- Data block
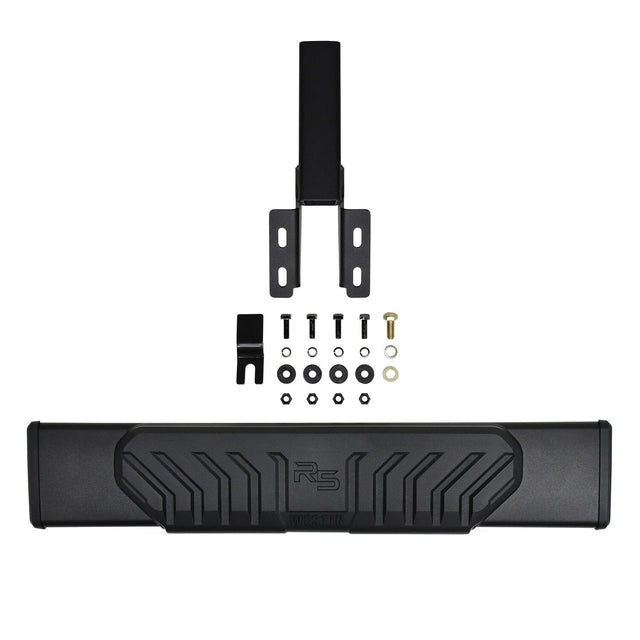 WES28-50015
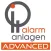 IQ Alarmanlagen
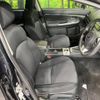 subaru levorg 2014 -SUBARU--Levorg DBA-VM4--VM4-006866---SUBARU--Levorg DBA-VM4--VM4-006866- image 8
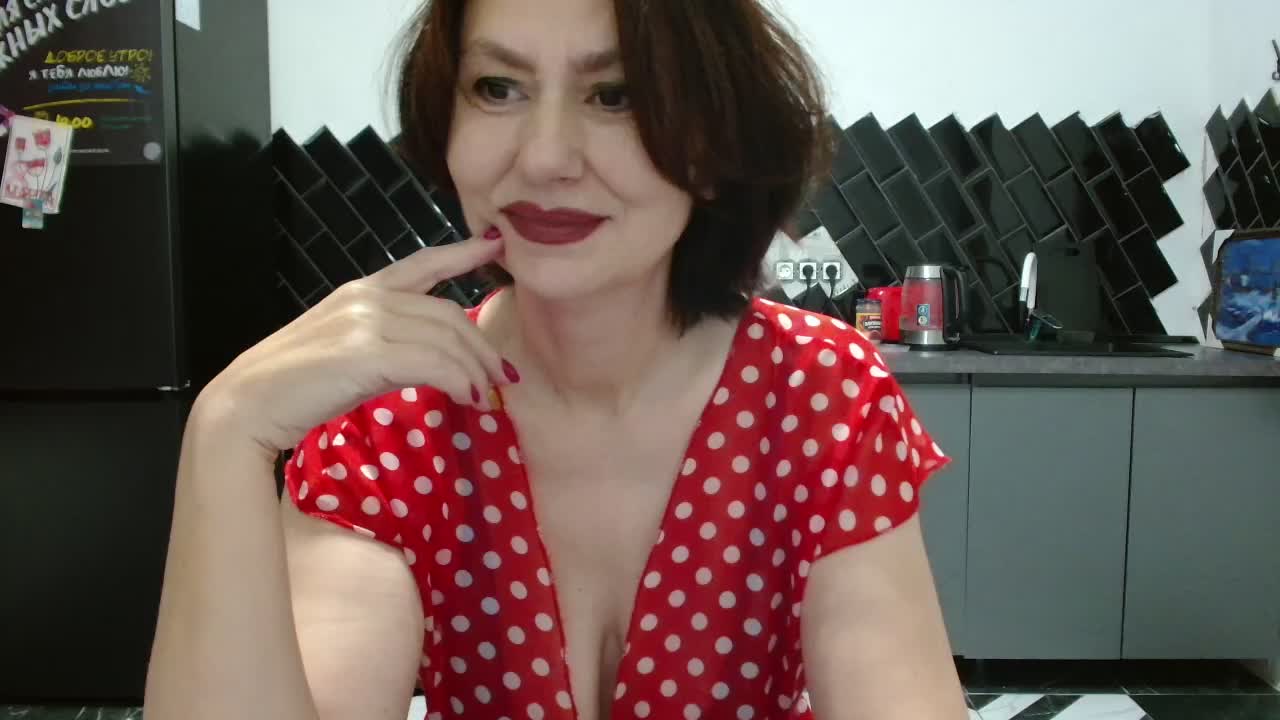 ANGELALADI Adult Chat November 1, 2025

- What needs to be done
With the pictures excluded, restate the material exactly as it stands.

- Reply
 WES28-50015
 IQ Alarmanlagen
 subaru levorg 2014 -SUBARU--Levorg DBA-VM4--VM4-006866---SUBARU--Levorg DBA-VM4--VM4-006866- image 8
 ANGELALADI Adult Chat November 1, 2025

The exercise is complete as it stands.